Flight Path is displayed, with Flight Path Acceleration now positioned

relative to Flight Path. This is particularly helpful in determining a positive
climb gradient and in optimizing climb performance. With appropriate
power set and the selected airspeed achieved, placing the Flight Path
Symbol to null the Flight Path Acceleration will maintain airspeed.
Alternately, the Flight Director commands can be followed. With the Flight
Director TO/GA mode engaged, either the Guidance Cue or the TO/GA
Target Pitch Line can be used to capture the Flight Director Command.
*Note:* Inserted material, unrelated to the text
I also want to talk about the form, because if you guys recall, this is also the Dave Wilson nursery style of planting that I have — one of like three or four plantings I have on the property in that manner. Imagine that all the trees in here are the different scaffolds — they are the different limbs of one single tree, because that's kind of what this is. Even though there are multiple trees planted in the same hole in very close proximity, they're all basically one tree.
Radio Altitude and the HSI are also displayed at rotation. The amount of
HSI visible may be reduced due to display compression (non-conformal
display) as a result of the increased pitch attitude.
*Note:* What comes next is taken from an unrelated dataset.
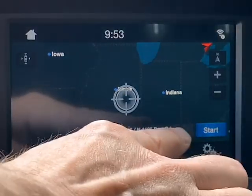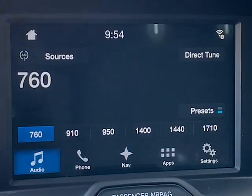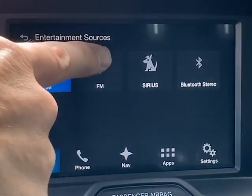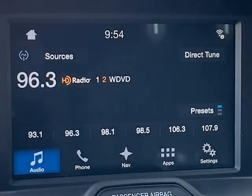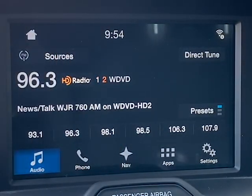All you need is an HD radio, which many new cars already have. Let me show you how it works. First, turn on your radio and switch to the FM band. Then locate frequency 96.3. Once you're there, touch the HD radio icon to switch to the HD2 signal. And there you have it — you can now select WJR as a preset on your FM dial.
In Figure 6-3 the aircraft pitch attitude is approximately 17 degrees and the
climb angle is approximately 9 degrees. Flight Path is just below the
Guidance Cue, likewise, the Aircraft Reference Symbol is just below the
TO/GA Target Pitch Line, indicating that the pilot needs to pitch up slightly
to capture the Flight Director engaged in the TO/GA mode. Because of the
pitch attitude, the HSI is pushed down partially. Radio Altitude is 150 feet
while climbing out at 2650 FPM on the runway heading of 280 degrees.
The current Baro Altitude is 180 feet with a target altitude of 6000 feet and
the Altitude Trend Vector indicating a little over 400 feet in 6 seconds. The
target airspeed is 154 knots, which is one knot below the current airspeed.
The aircraft's acceleration is zero, indicated by the position of the Flight
Path Acceleration (caret). The wind, as determined by the Inertial
Reference Unit (IRU), is straight on the nose at eight knots giving an
indicated ground speed of 147 knots.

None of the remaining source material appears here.